Task instructions ▸ When you copy the data, keep every word exactly as it is and leave the pictures out.
===============
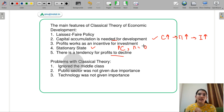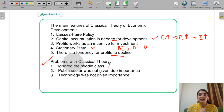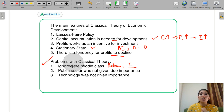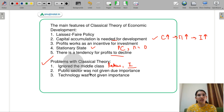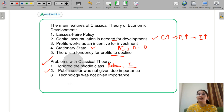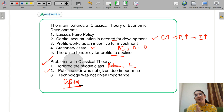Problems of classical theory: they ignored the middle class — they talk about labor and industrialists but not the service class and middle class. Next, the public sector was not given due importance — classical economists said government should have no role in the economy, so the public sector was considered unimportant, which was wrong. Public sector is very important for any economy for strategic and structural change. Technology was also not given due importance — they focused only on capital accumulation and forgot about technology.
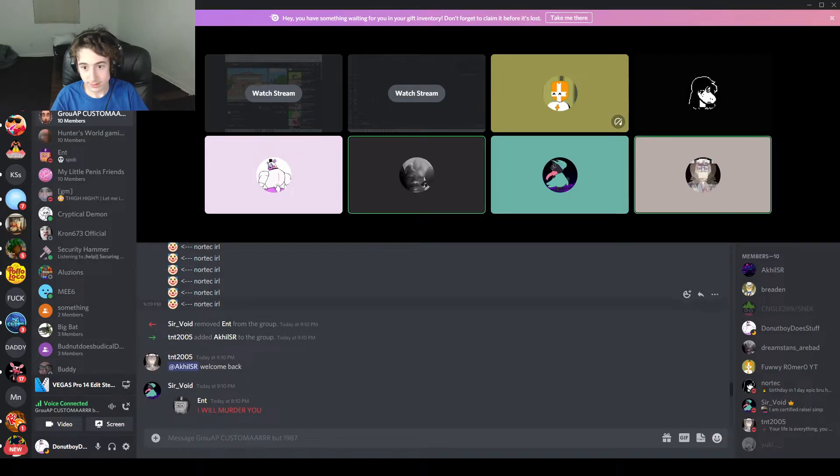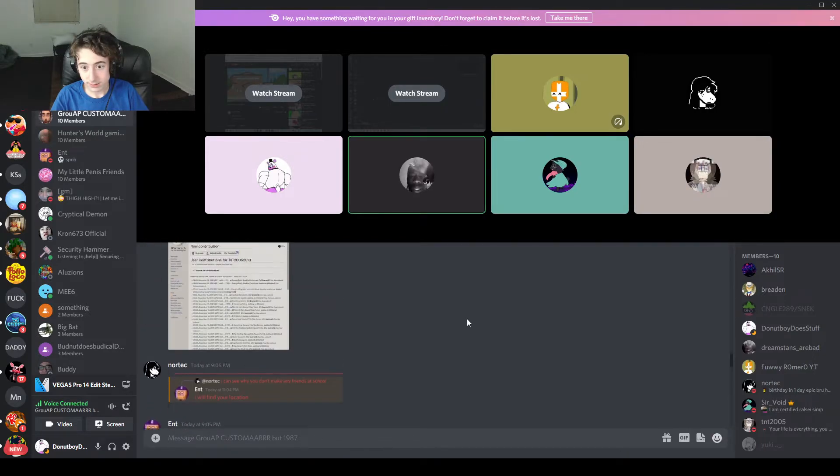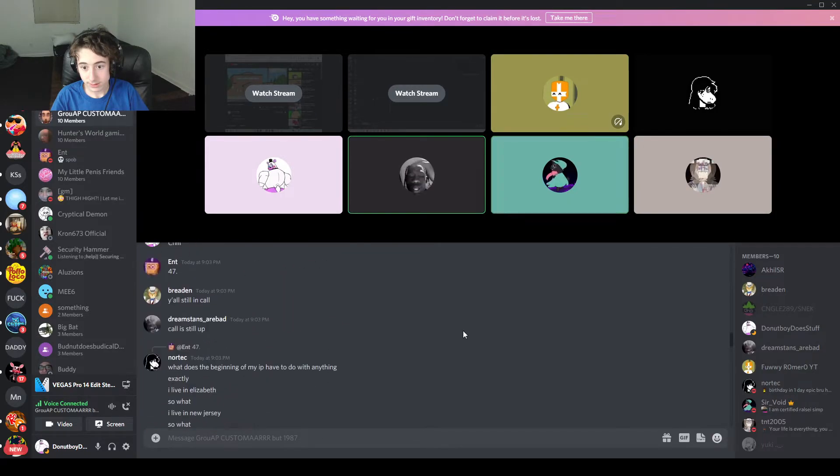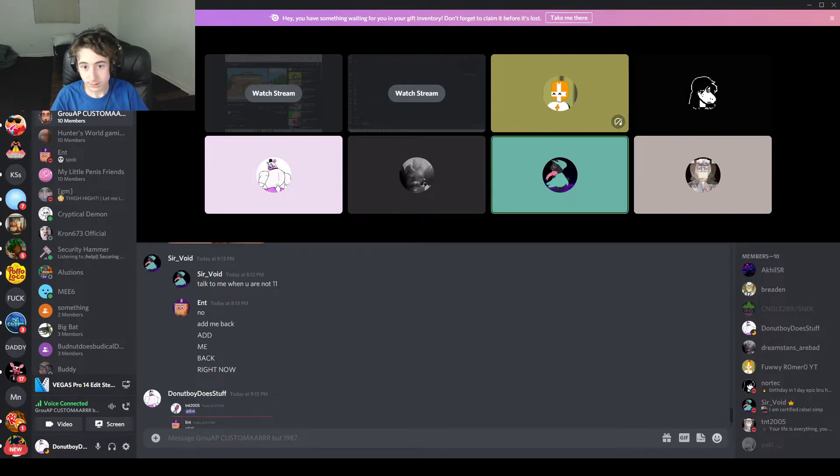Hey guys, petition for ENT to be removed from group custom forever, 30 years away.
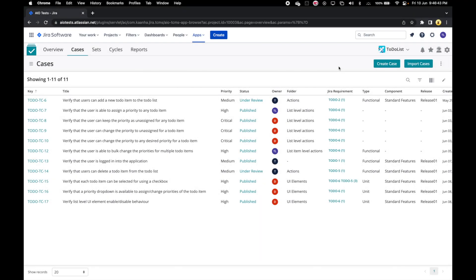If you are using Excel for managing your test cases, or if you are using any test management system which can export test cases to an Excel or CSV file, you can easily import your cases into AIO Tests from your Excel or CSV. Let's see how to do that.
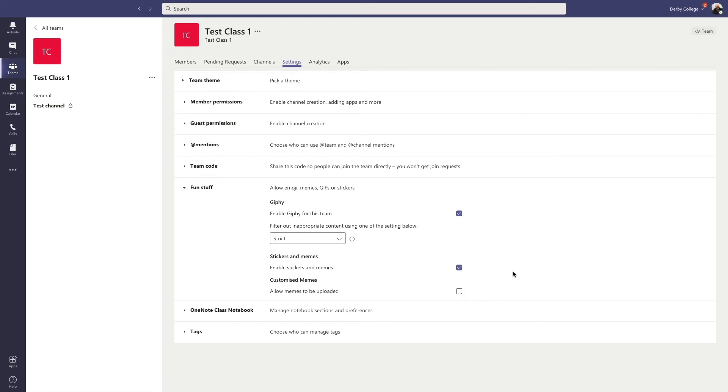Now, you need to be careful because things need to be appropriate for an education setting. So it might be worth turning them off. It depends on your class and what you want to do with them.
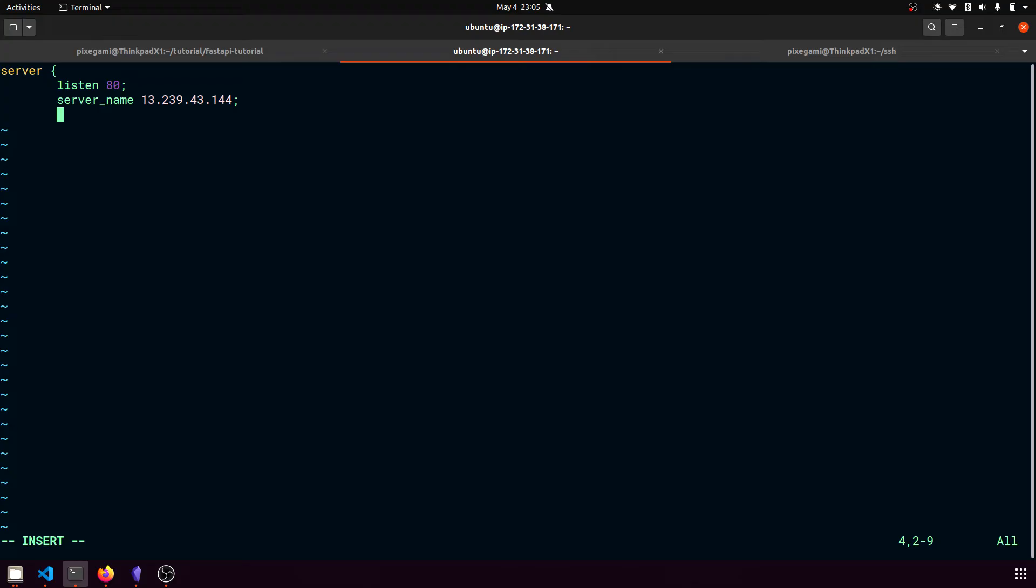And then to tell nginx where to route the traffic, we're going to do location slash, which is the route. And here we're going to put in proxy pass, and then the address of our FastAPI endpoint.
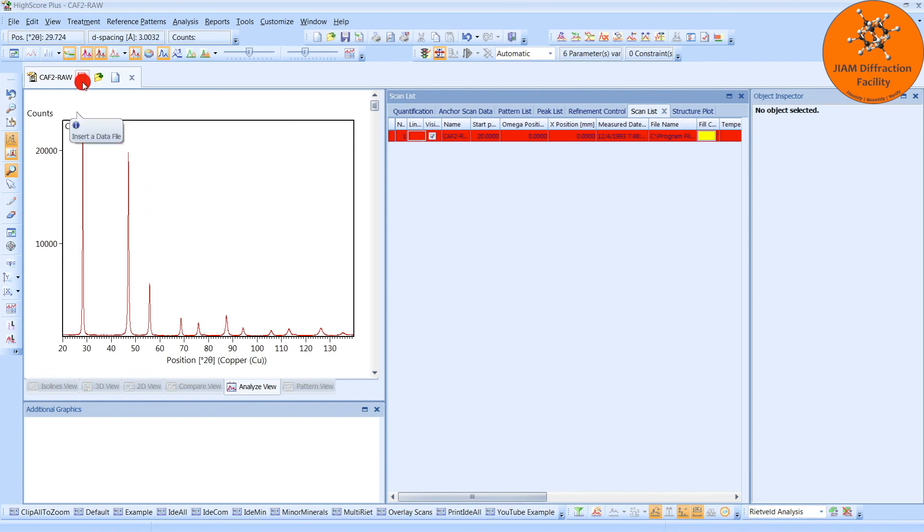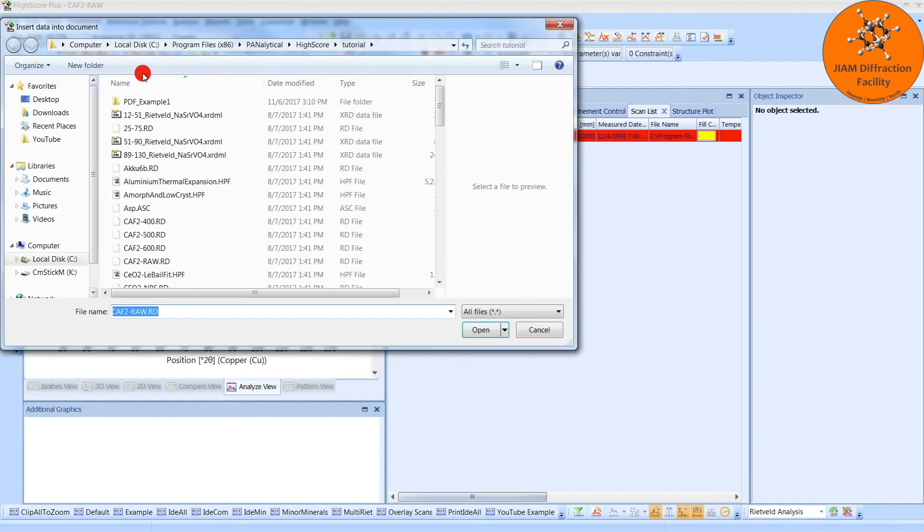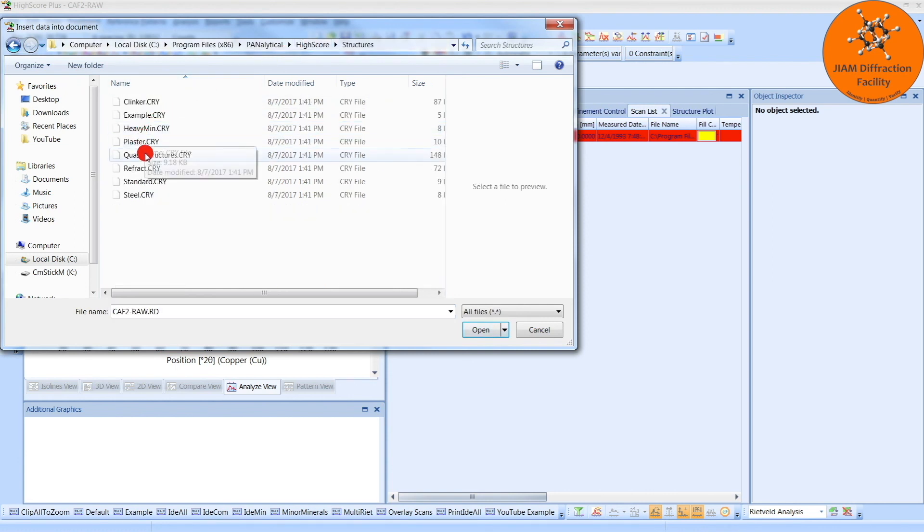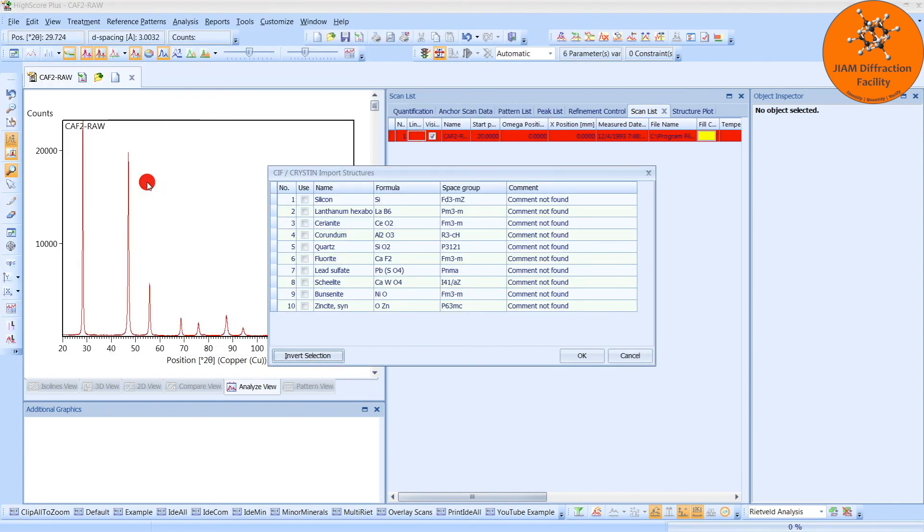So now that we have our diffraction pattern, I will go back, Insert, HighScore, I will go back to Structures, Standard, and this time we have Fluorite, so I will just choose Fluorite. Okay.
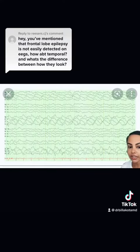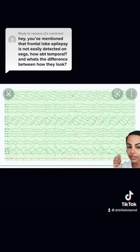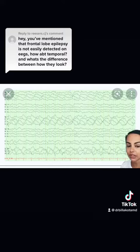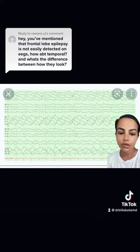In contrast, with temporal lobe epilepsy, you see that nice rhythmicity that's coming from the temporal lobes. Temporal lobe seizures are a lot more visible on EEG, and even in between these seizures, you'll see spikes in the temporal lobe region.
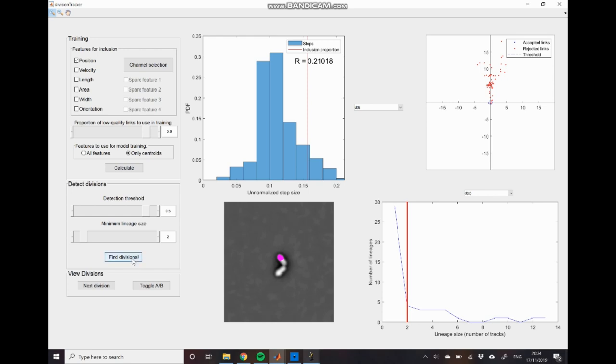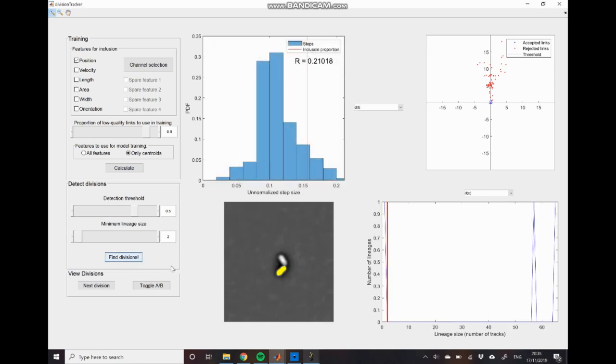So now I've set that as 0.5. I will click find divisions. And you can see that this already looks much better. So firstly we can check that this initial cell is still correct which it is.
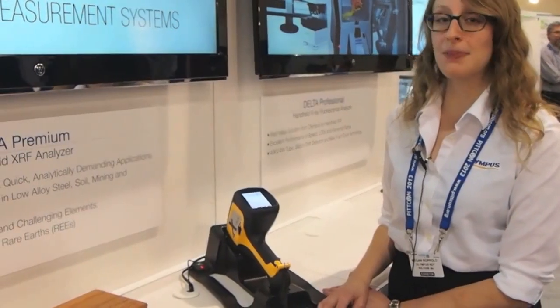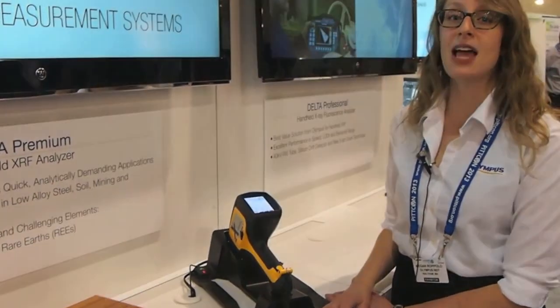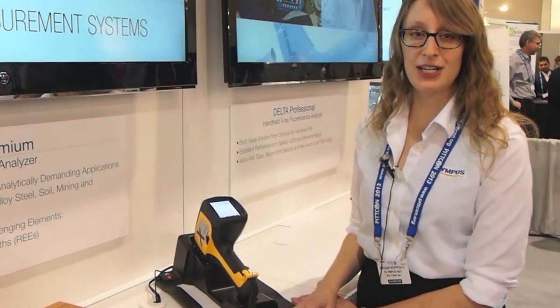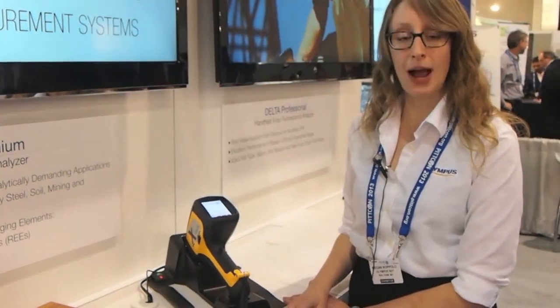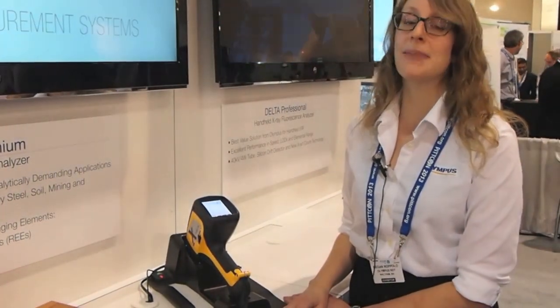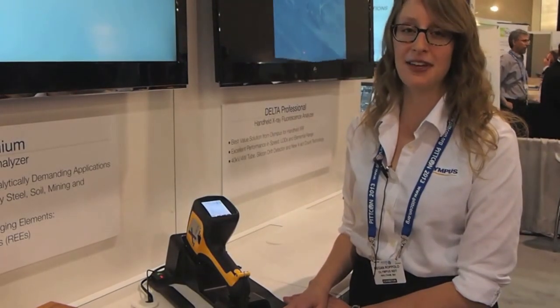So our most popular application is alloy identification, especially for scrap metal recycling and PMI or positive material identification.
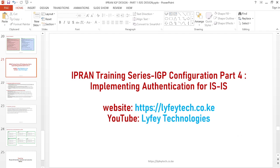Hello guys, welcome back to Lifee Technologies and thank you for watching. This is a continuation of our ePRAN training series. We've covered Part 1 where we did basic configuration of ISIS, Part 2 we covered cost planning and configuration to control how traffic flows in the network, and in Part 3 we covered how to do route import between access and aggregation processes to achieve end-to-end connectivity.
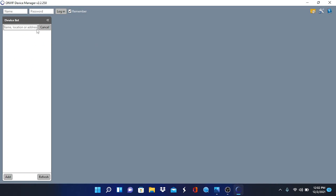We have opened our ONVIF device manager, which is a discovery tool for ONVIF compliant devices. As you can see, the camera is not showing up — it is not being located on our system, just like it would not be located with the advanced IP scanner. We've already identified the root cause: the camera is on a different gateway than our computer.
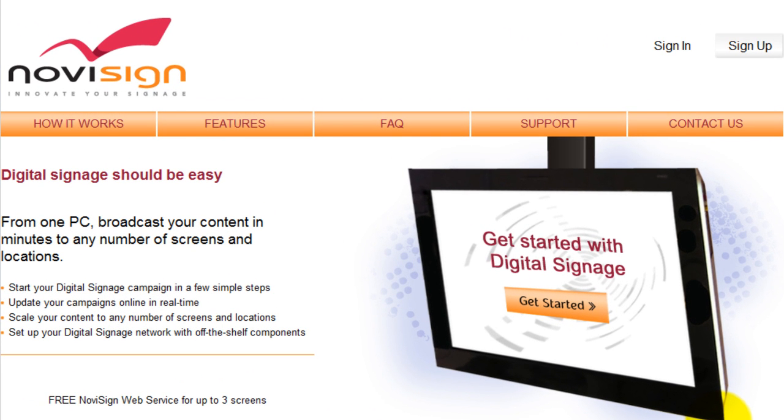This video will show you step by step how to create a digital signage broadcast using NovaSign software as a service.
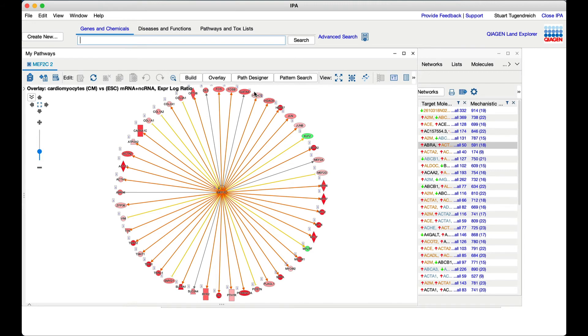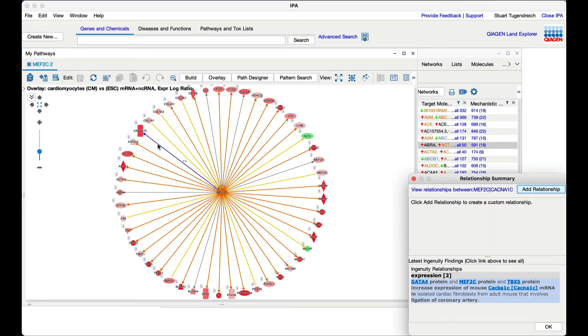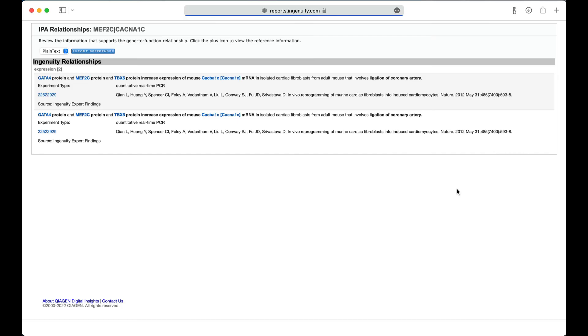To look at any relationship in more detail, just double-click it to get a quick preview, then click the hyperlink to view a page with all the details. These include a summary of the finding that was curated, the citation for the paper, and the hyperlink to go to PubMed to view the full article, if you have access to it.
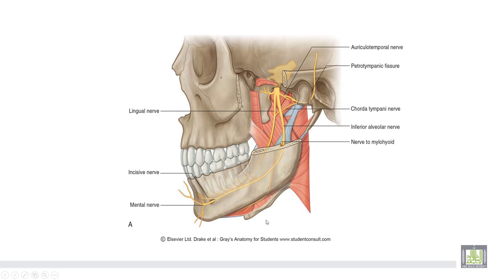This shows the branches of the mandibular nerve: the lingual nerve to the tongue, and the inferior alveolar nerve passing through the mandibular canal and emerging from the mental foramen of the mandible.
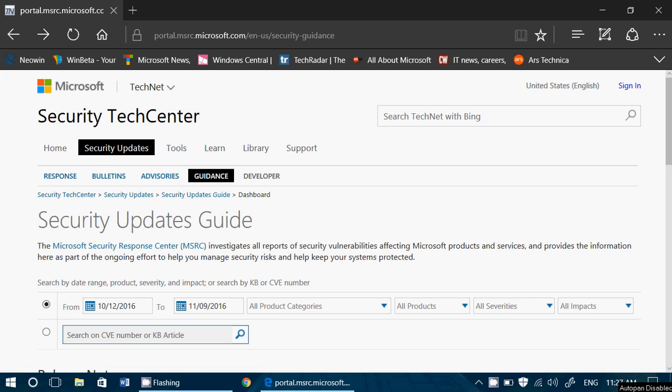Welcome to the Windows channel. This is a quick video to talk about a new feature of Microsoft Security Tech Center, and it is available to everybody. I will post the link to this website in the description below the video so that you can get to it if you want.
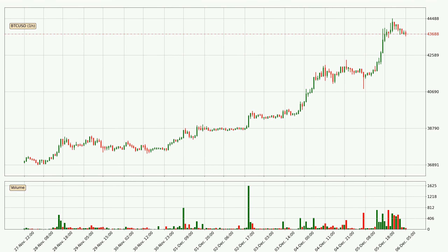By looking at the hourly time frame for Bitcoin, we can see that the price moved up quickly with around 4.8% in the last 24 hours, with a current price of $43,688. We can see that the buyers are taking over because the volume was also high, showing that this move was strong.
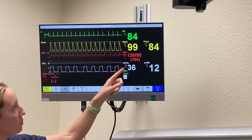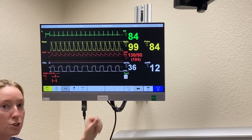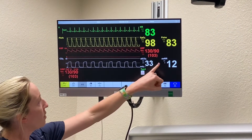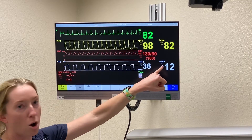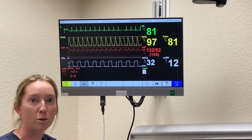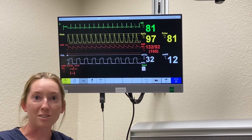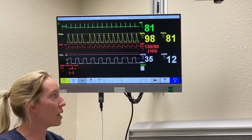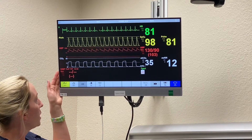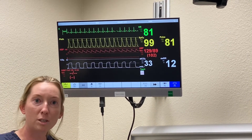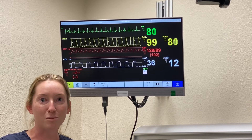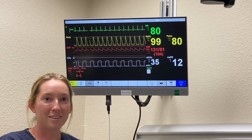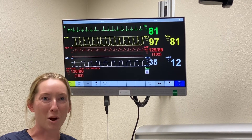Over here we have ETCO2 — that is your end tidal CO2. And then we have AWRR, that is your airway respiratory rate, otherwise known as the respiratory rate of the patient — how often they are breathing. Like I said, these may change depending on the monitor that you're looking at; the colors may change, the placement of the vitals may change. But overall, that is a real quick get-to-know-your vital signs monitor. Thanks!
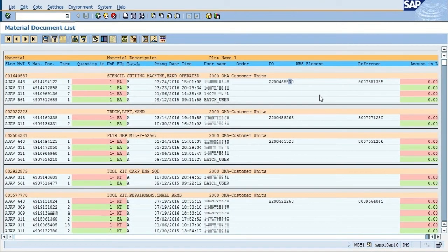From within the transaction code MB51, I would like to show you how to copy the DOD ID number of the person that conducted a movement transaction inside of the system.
===============
Solved exercise ▸
Problems of classical theory: they ignored the middle class — they talk about labor and industrialists but not the service class and middle class. Next, the public sector was not given due importance — classical economists said government should have no role in the economy, so the public sector was considered unimportant, which was wrong. Public sector is very important for any economy for strategic and structural change. Technology was also not given due importance — they focused only on capital accumulation and forgot about technology.
Hey guys, petition for ENT to be removed from group custom forever, 30 years away.
If you are using Excel for managing your test cases, or if you are using any test management system which can export test cases to an Excel or CSV file, you can easily import your cases into AIO Tests from your Excel or CSV. Let's see how to do that.
Now, you need to be careful because things need to be appropriate for an education setting. So it might be worth turning them off. It depends on your class and what you want to do with them.
And then to tell nginx where to route the traffic, we're going to do location slash, which is the route. And here we're going to put in proxy pass, and then the address of our FastAPI endpoint.
So now that we have our diffraction pattern, I will go back, Insert, HighScore, I will go back to Structures, Standard, and this time we have Fluorite, so I will just choose Fluorite. Okay.
In contrast, with temporal lobe epilepsy, you see that nice rhythmicity that's coming from the temporal lobes. Temporal lobe seizures are a lot more visible on EEG, and even in between these seizures, you'll see spikes in the temporal lobe region.
So now I've set that as 0.5. I will click find divisions. And you can see that this already looks much better. So firstly we can check that this initial cell is still correct which it is.
So our most popular application is alloy identification, especially for scrap metal recycling and PMI or positive material identification.
Hello guys, welcome back to Lifee Technologies and thank you for watching. This is a continuation of our ePRAN training series. We've covered Part 1 where we did basic configuration of ISIS, Part 2 we covered cost planning and configuration to control how traffic flows in the network, and in Part 3 we covered how to do route import between access and aggregation processes to achieve end-to-end connectivity.
We have opened our ONVIF device manager, which is a discovery tool for ONVIF compliant devices. As you can see, the camera is not showing up — it is not being located on our system, just like it would not be located with the advanced IP scanner. We've already identified the root cause: the camera is on a different gateway than our computer.
This video will show you step by step how to create a digital signage broadcast using NovaSign software as a service.
To look at any relationship in more detail, just double-click it to get a quick preview, then click the hyperlink to view a page with all the details. These include a summary of the finding that was curated, the citation for the paper, and the hyperlink to go to PubMed to view the full article, if you have access to it.
This shows the branches of the mandibular nerve: the lingual nerve to the tongue, and the inferior alveolar nerve passing through the mandibular canal and emerging from the mental foramen of the mandible.
Welcome to the Windows channel. This is a quick video to talk about a new feature of Microsoft Security Tech Center, and it is available to everybody. I will post the link to this website in the description below the video so that you can get to it if you want.
By looking at the hourly time frame for Bitcoin, we can see that the price moved up quickly with around 4.8% in the last 24 hours, with a current price of $43,688. We can see that the buyers are taking over because the volume was also high, showing that this move was strong.
Over here we have ETCO2 — that is your end tidal CO2. And then we have AWRR, that is your airway respiratory rate, otherwise known as the respiratory rate of the patient — how often they are breathing. Like I said, these may change depending on the monitor that you're looking at; the colors may change, the placement of the vitals may change. But overall, that is a real quick get-to-know-your vital signs monitor. Thanks!
From within the transaction code MB51, I would like to show you how to copy the DOD ID number of the person that conducted a movement transaction inside of the system.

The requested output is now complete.